Paul Werbaneth, Vice President – Marketing and Applications, Tegal Corporation
The ink was almost dry on the TSV etching chapter I am contributing to a project called 3D Technology Platforms when I opened the newspaper today to read about very interesting news from Elpida regarding TSV-stacked DRAM (here:
It’s some kind of harmonic convergence for me, as I sit here thinking about everything I wrote over the last month on TSV etching (which already becomes dated with today’s news), as I sit, thinking, about the nascent DRAM recovery, sit, thinking, about the magnificent Elpida site in the green wooded hills outside Hiroshima, hills set with large farming houses sporting freshly tiled roofs last time I visited, sit thinking about 300mm TSV processing challenges, sit, thinking, about the novel (and movie) Black Rain, and sit, remembering, how I would change trains at the Shin-Hiroshima station in order to reach the Hitachi factory in Kudamatsu after a long day of travel from San Francisco.
You had to be quick: Shin-Hiroshima to Tokuyama (Kudamatsu) could be a tough connection to make, and you would be stuck for the night if you didn’t.
Through-silicon via technology for 3D IC applications has deep roots in other commercial through-substrate via processing, most notably in compound semiconductor fabrication for components found in your friendly cell- and smart-phone handsets. And we all recognize how much TSV processing owes to MEMS fabrication, where deep structures in silicon are the name of the game.

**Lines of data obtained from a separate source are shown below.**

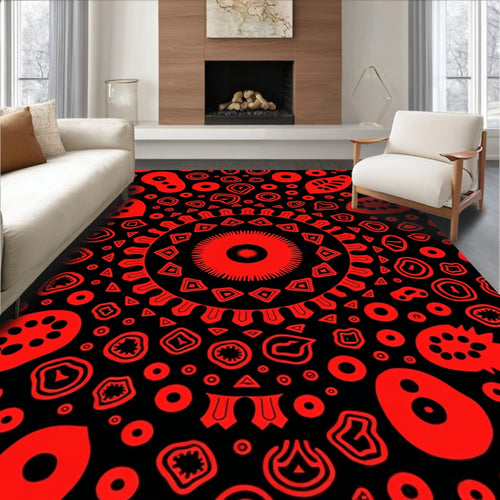 Abstract Red Organic Shapes Mandala Rug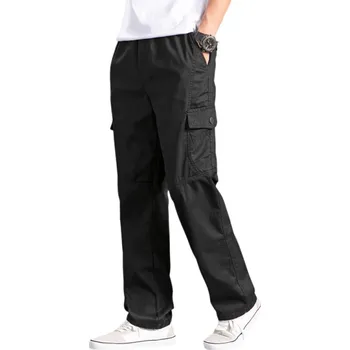 Pánské kalhoty Pánské bavlněné cargo kalhoty Letní pracovní volnočasové kalhoty s kapsami Pohodlný střih Jarní outdoorové kalhoty Lehký materiál černá XL
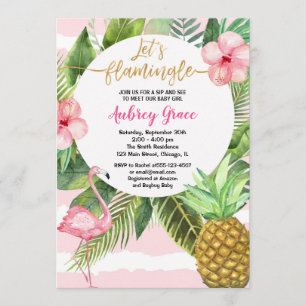 Summer sip and see, pink gold meet greet baby girl invitation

Many eyes are now watching for the commercial launch of TSV technology beyond its use today in CMOS image sensors. DRAM, NAND Flash, memory stacked onto processor chips, all seem fair game for 3D integration, but, with recent and all-too-painful revenue woes being felt from Boise to Seoul, the investment budgets for TSV in memory applications just haven’t been there much this year.
Encouraging, then, to catch a pale view of recovery and progress today over Hiroshima hills.